Indeed, in many ways A Dark Room reminds me of that sensation of unfolding wonder that videogames used to evoke so effortlessly.  In many ways  it recalls the elements that I loved so much about classic games like the original Mario Bros: it creates a world, it has rules, behaviours, and consequence – but it leaves you be.  People tend to forget, but one of the greatest aspects of the first Mario Bros game was that it just started.  There was a little bit of musical fanfare and bam there you were in the game.

Figure it out.

There was no prompt saying, ‘Press A to jump’.  You just pressed ‘A’ and he jumped.  Later you head-butted a cube and – what’s this? – a mushroom came out.  You fiddled around on top of a pipe and – whoa, there’s a whole other world under here!  It made you play with the mechanics.  To explore.  To test the boundaries of the environment and your place within it.  Suddenly you were asking: What about if I jump up on the clouds?  What if I kick this turtle shell?  Am I able to angle this fireball to hit that plant?

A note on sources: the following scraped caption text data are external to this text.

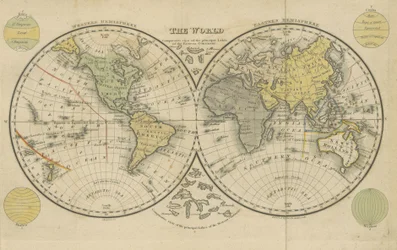 Świat, zdjęcie zaczerpnięte ze strony 17 „The Boston School Atlas. Z geografią elementarną i astronomią itp. (wydanie czwarte.) [Mapy, z tekstem objaśniającym.]
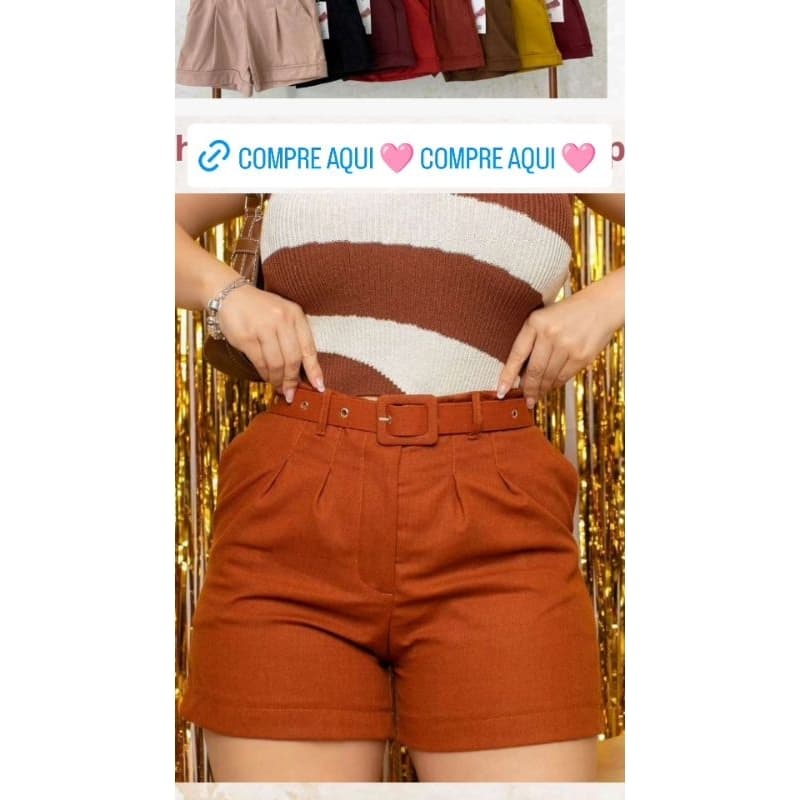 Short em Camurça com cinto acabamento perfeito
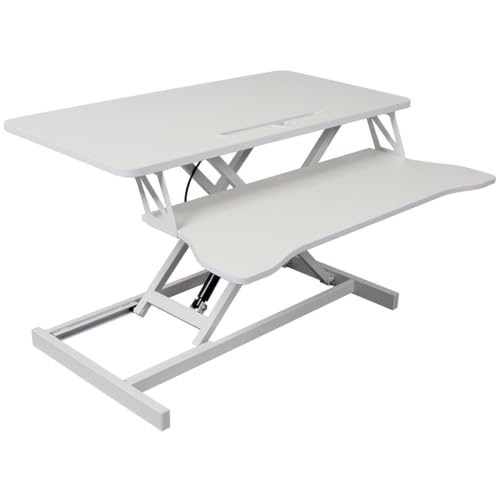 AMZXPLORE Standing Desk Converter, Height Adjustable Sit Stand Desk Riser with Keyboard Tray, Ergonomic Desktop Workstation for Dual Monitor Laptop Computer Setup, Gas Spring Lift System,White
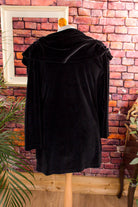 80s Samt Jacke schwarz drapiert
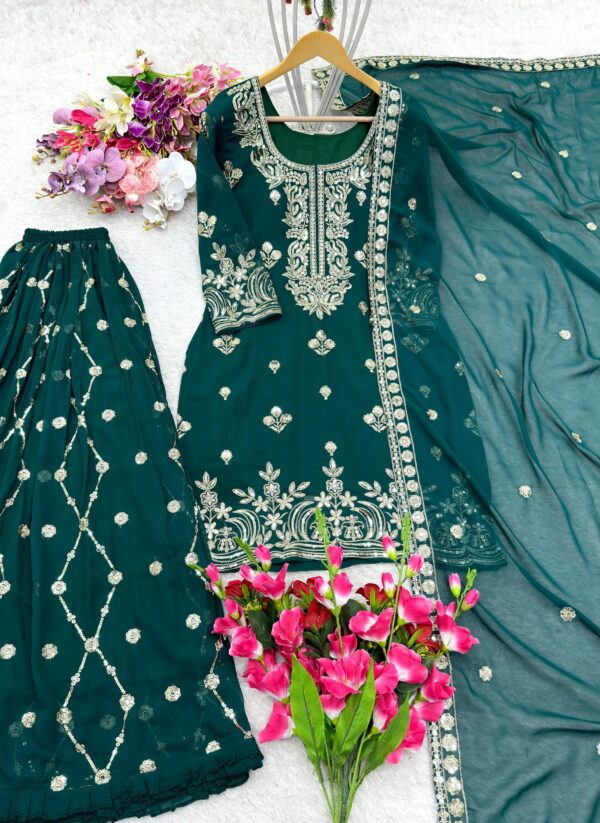 Presenting New  Pure Fox Georgette Top-Sarara and Dupatta Set Fully Stitched Ready To Wear
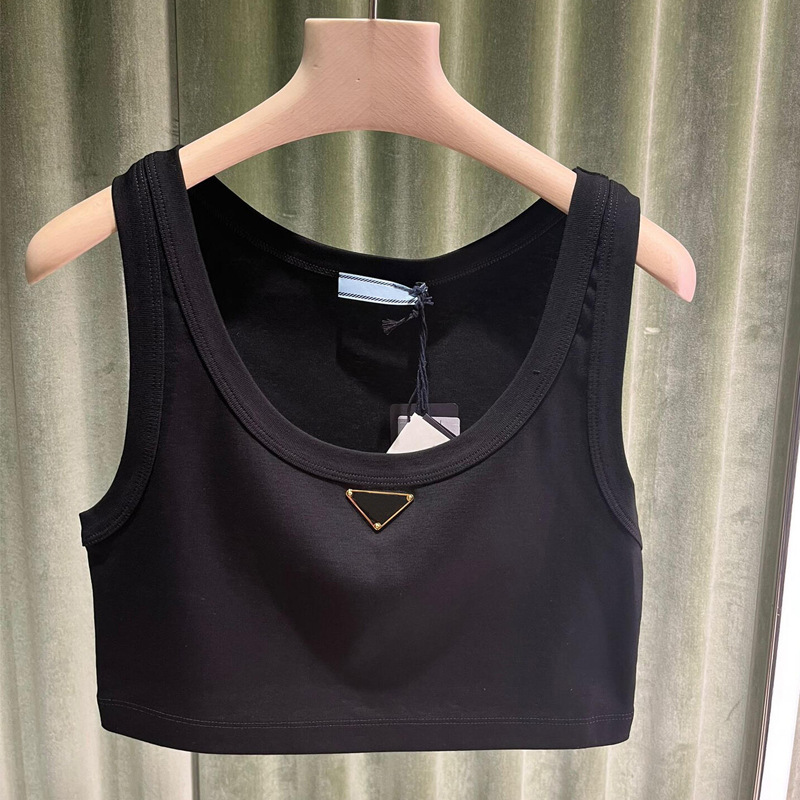 Inverted Triangle Pattern Vest Top Designer Women Pradsness Shirt Minimalist Ribbed Knit Tank Top Luxury Y2k PR Sleeveless Summer Slim Fit Pradlys W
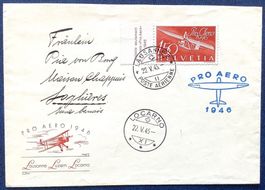 1946 Flugpost Pro Aero Laussane - Locarno mit Tab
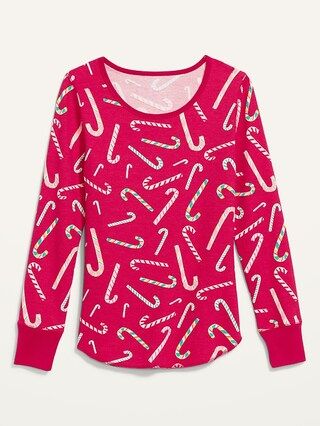 Matching Printed Thermal-Knit Long-Sleeve Pajama Top for Women | Old Navy (US)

It was all simple stuff, but it felt profound because you were doing it yourself, without the omnipresent voice of the game designer breathing down your neck:

‘Did you know that you can LOOK AROUND by using the RIGHT ANALOGUE STICK?’

Yeah.  Yeah, I probably would have guessed that.

‘But did you know that you can call up the INVENTORY by pressing the START BUTTON MENU?’

…Uh huh.  Yep.  Probably would have figured that out too.

‘And if you need to use the FLASHLIGHT –’

Okay, shut the f*%k up, because this is getting really annoying…

People wonder why games like the aforementioned Skyrim blow up in the way that they do, but I think it’s because (even though Skyrim has some hand-holding, of course) it recaptures that sense of exploration and experimentation that many games used to have.  You and the game, trying to figure each other out; doing your little game-mechanics dance and seeing where it leads.  You invest in the world it is offering because it has been artfully designed to respond to your level of investment in it.  Not holding your hand and dragging you along, but inviting you to press on, to dig deeper, to discover on your own.

For me, A Dark Room boils that sensation down beautifully.  It makes each progression a choice rather than a burden, a pursuit of synchronicity with the game in which you and the action of traversing this space align.  You can click the button and illuminate this land, get lost in its dance and evolve along with it, read as much or as little into its plot as you desire, or close down the browser bored and never think of it again.  The game allows you the freedom to do and think what you like, to wander where you will, never judging, or nagging, or teasing.  It makes you the light of your own journey through its dark spaces, trusting that the act of play itself is enough to bring life to the world.

A Dark Room 02

* For me, Assassin’s Creed 3, although technically impressive and narratively broad, had some major problems in legitimising its myriad components – a subject to which I hope to return in a future post.

** Delta introduced it alongside another now cult-favourite browser-based, play-experience called Candy Box, which has just this month released a sequel.  I can see the connections between the two, and can certainly imagine the sense of surprise that must have accompanied people’s first encounters with its gradually expanding mechanics and whimsical light-RPG tone – but I must admit, after experiencing A Dark Room’s tonal and thematic surety, I found it rather less captivating.

*** Perhaps the wonderful FTL, but that may be more to do with the shambolic, every-step-could-be-your-last panic that it ferociously beats into you.

**** Indeed, I even like the way that this detail is unceremoniously revealed through the game mechanics; in my first run through of the game I was at only venturing out into the wilderness with two weapons at any one time, naturally presuming that I only had two hands.  It was only by happy accident that I happened upon a third weapon and came to learn of my curious physiology.